Essentially the Rockchip BSP is a custom kernel with some custom packages where Devs here are trying various options and if you read you will find info above.
Also in the discord server devs and community are sharing images where much has been added.

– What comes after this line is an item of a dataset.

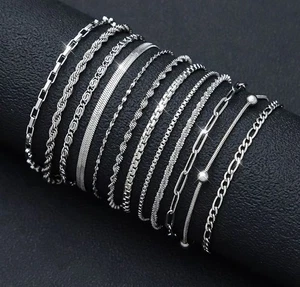 Armband Set 12 Armketten Edelstahl Sleek Edel 12er Set Kombinierbar - Bild 1 von 3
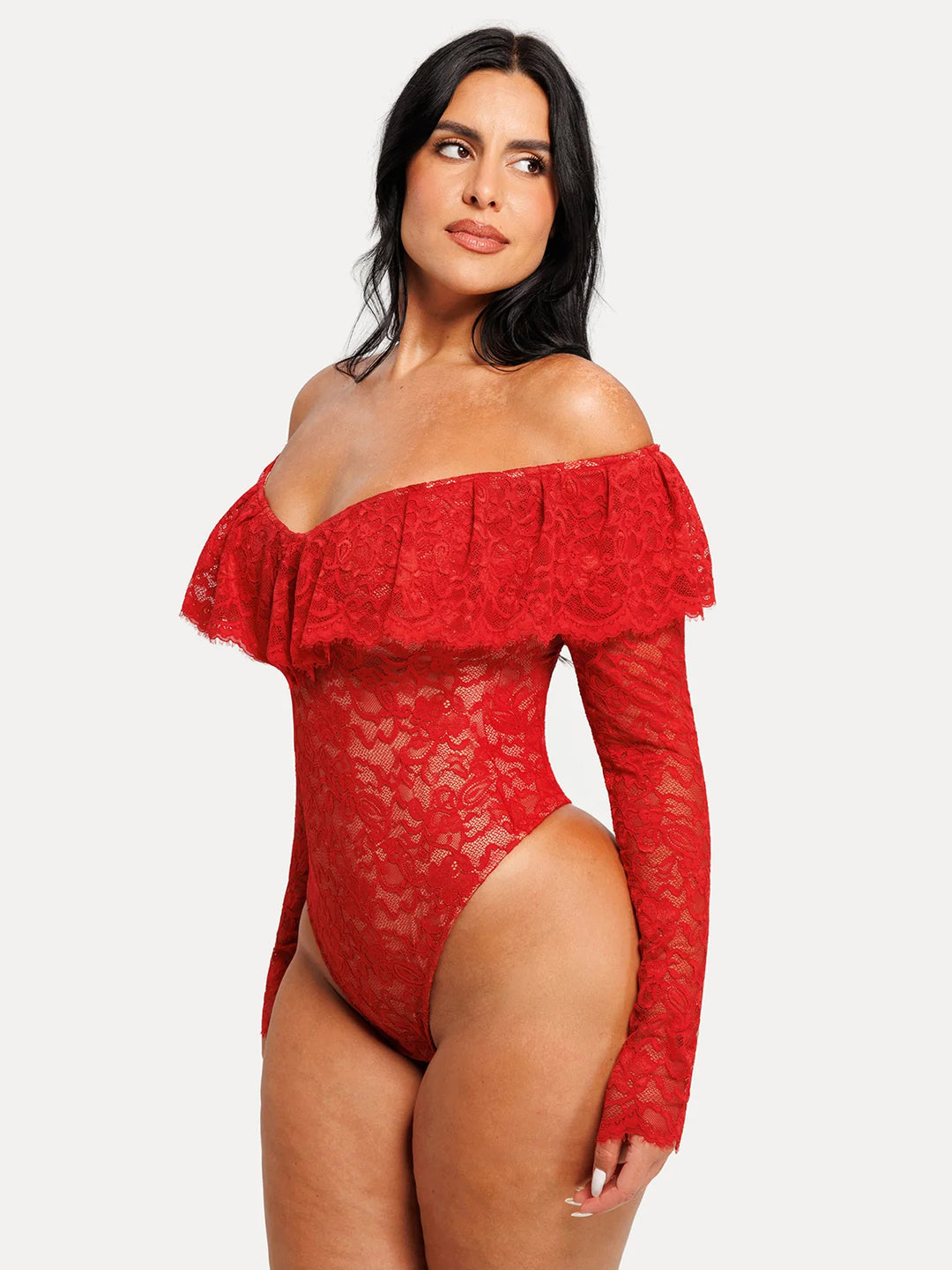 Popilush® Shapewear Deep V Ruffle Lace Long Sleeve Bodysuit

The Radxa images are more conservative with bleeding edge additions, but prob best to chat and ask in there.

nicedude · November 28, 2022, 2:34pm

Thanks for the Discord link ! I think I’ll switch to armbian at the moment, if it can play smoothly 4k 60p videos, I’ll be fine with that.

stake · December 20, 2022, 12:37pm

USA based dev here; late to the party.

where can I get a rock5b >= 16GB RAM at this point? ameridroid best bet?

stuartiannaylor · December 21, 2022, 2:29am

https://wiki.radxa.com/Buy

But yeah Ameridroid or go direct to allnet

dominik · December 21, 2022, 8:19am

If You are in USA then ameridroid seeme to be better option but both are ok. I ordered this month from both of them and i was about 3 working days for ameridroid to ship to Nevada and about 5 for allnet to ship to Europe.

Etienne · December 21, 2022, 2:36pm

any chance you can send another discord invite, this one is not valid anymore it seems

stuartiannaylor · December 24, 2022, 10:21am

apols haven’t been around

Konstantin_Lebedev · December 30, 2022, 9:36am

Hello, can you give a thesis step by step instructions, how did you achieve the result?